-- Entries taken from a collection --
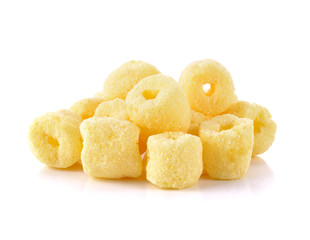Crunchy corn snacks milk flavour on white background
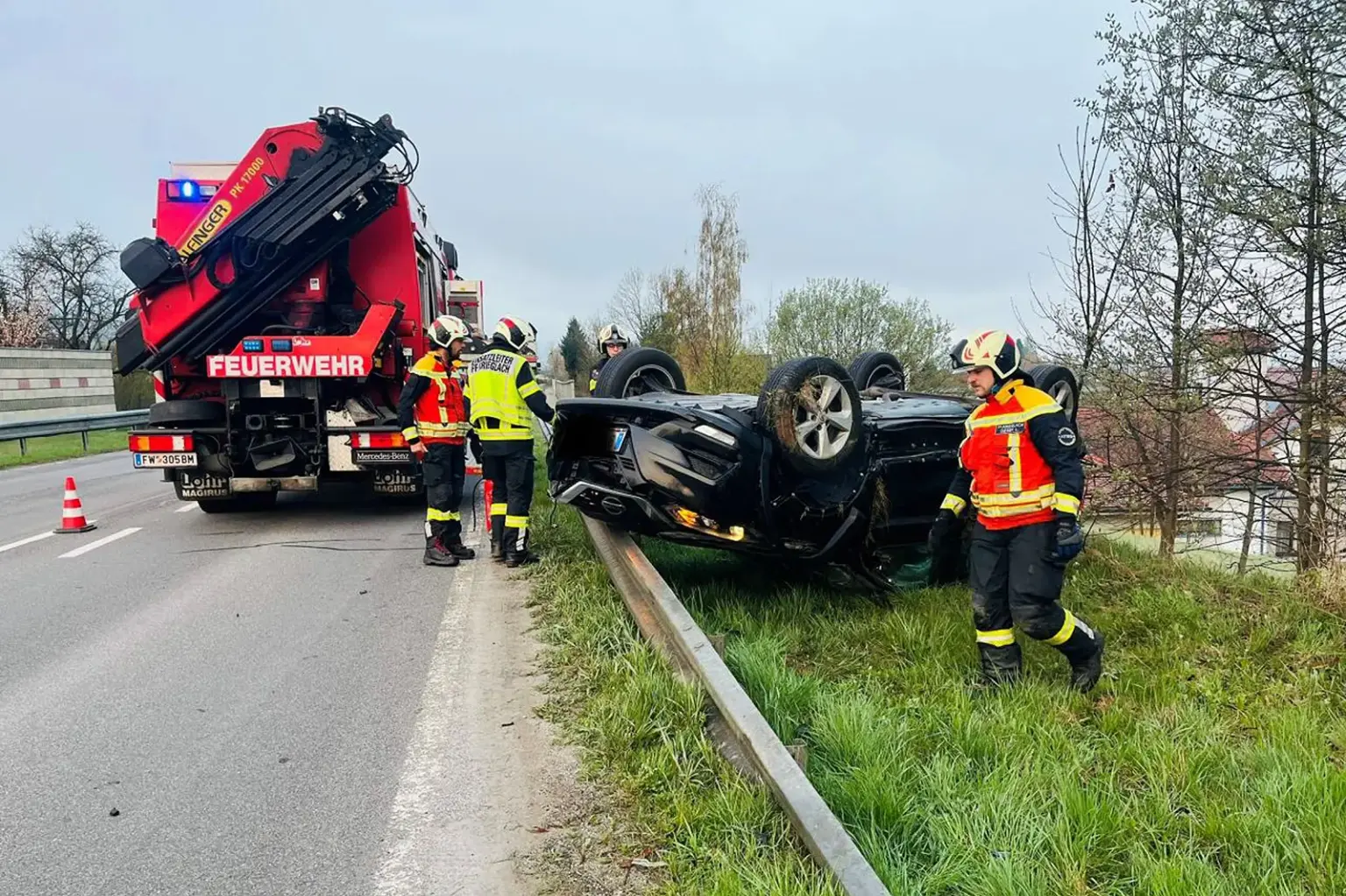 Einsatzkräfte der Feuerwehr sichern einen Verkehrsunfall auf einer Straße. Ein Auto liegt auf dem Dach neben der Leitplanke, während Feuerwehrleute in Schutzkleidung den Einsatzort betreuen, daneben steht ein Feuerwehrfahrzeug.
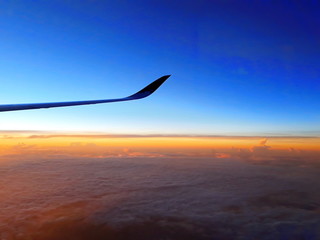 Fototapeta na wymiar an airplane wing on the beautiful blue sky in the early morning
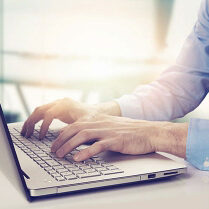 Man typing on a laptop.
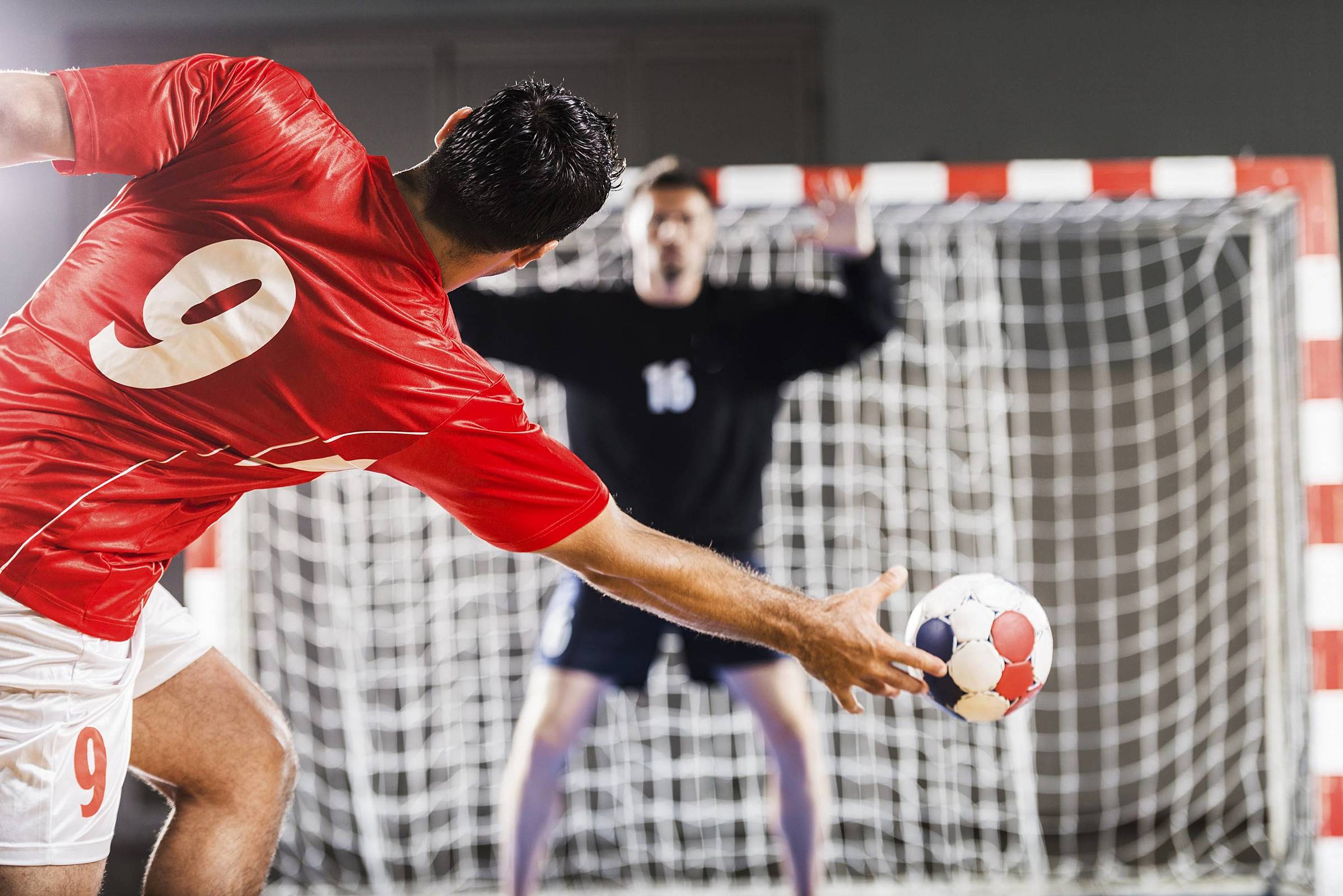 Jogador em frente ao goleiro durante uma partida de handebol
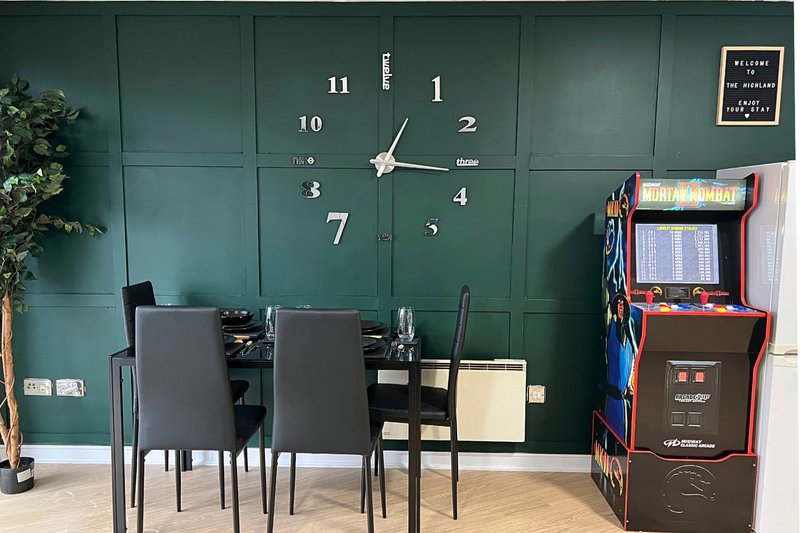 Dining area with green panelled wall, wall clock, dining table, chairs, and arcade machine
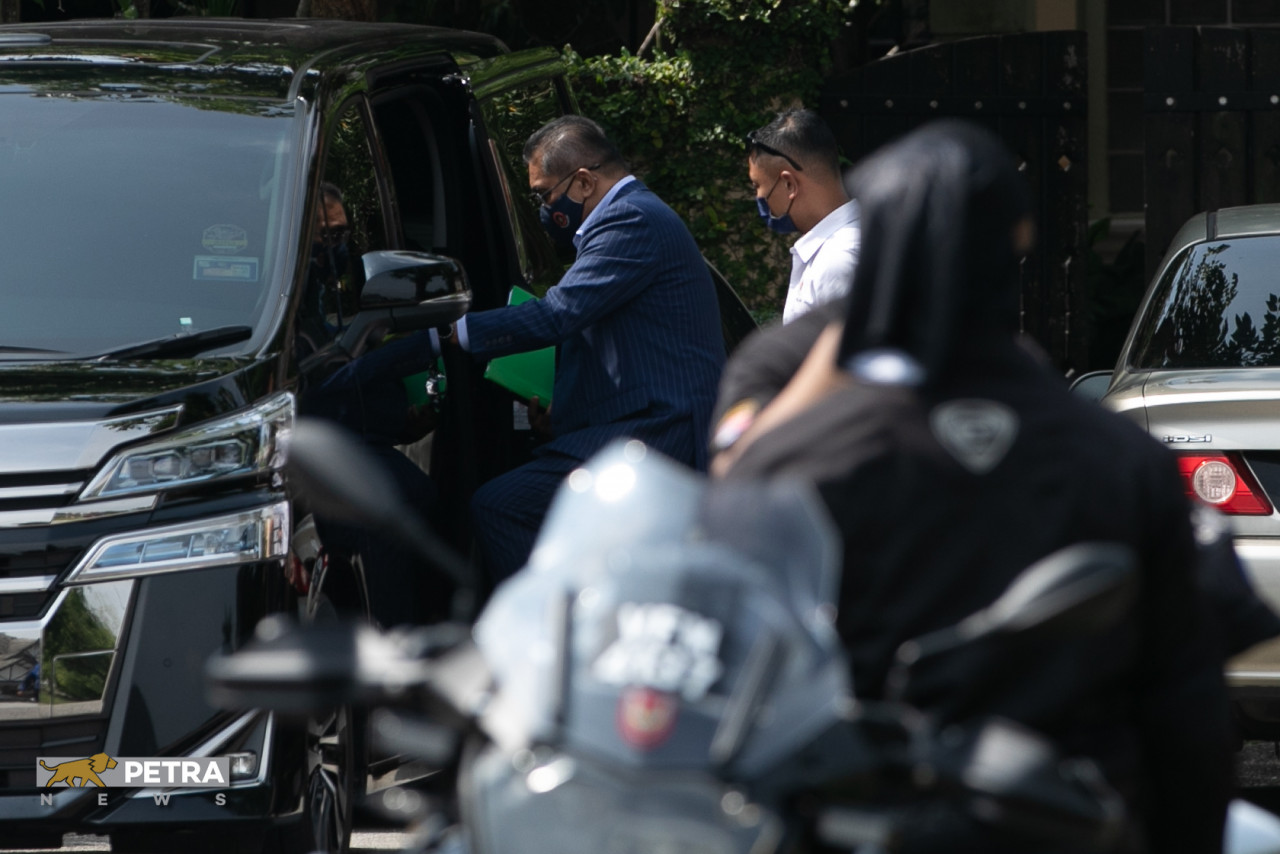 Minister in the Prime Minister's Department Datuk Seri Takiyuddin Hassan entering his car at the residence earlier today. – SAIRIEN NAFIS/PETRA News pic, July 8, 2021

-- Action item --
Begin with the first line of the entries above and write out each line exactly, ending with the line containing "Man typing on a laptop.". Leave out pictures.

-- Worked solution --
Crunchy corn snacks milk flavour on white background
 Einsatzkräfte der Feuerwehr sichern einen Verkehrsunfall auf einer Straße. Ein Auto liegt auf dem Dach neben der Leitplanke, während Feuerwehrleute in Schutzkleidung den Einsatzort betreuen, daneben steht ein Feuerwehrfahrzeug.
 Fototapeta na wymiar an airplane wing on the beautiful blue sky in the early morning
 Man typing on a laptop.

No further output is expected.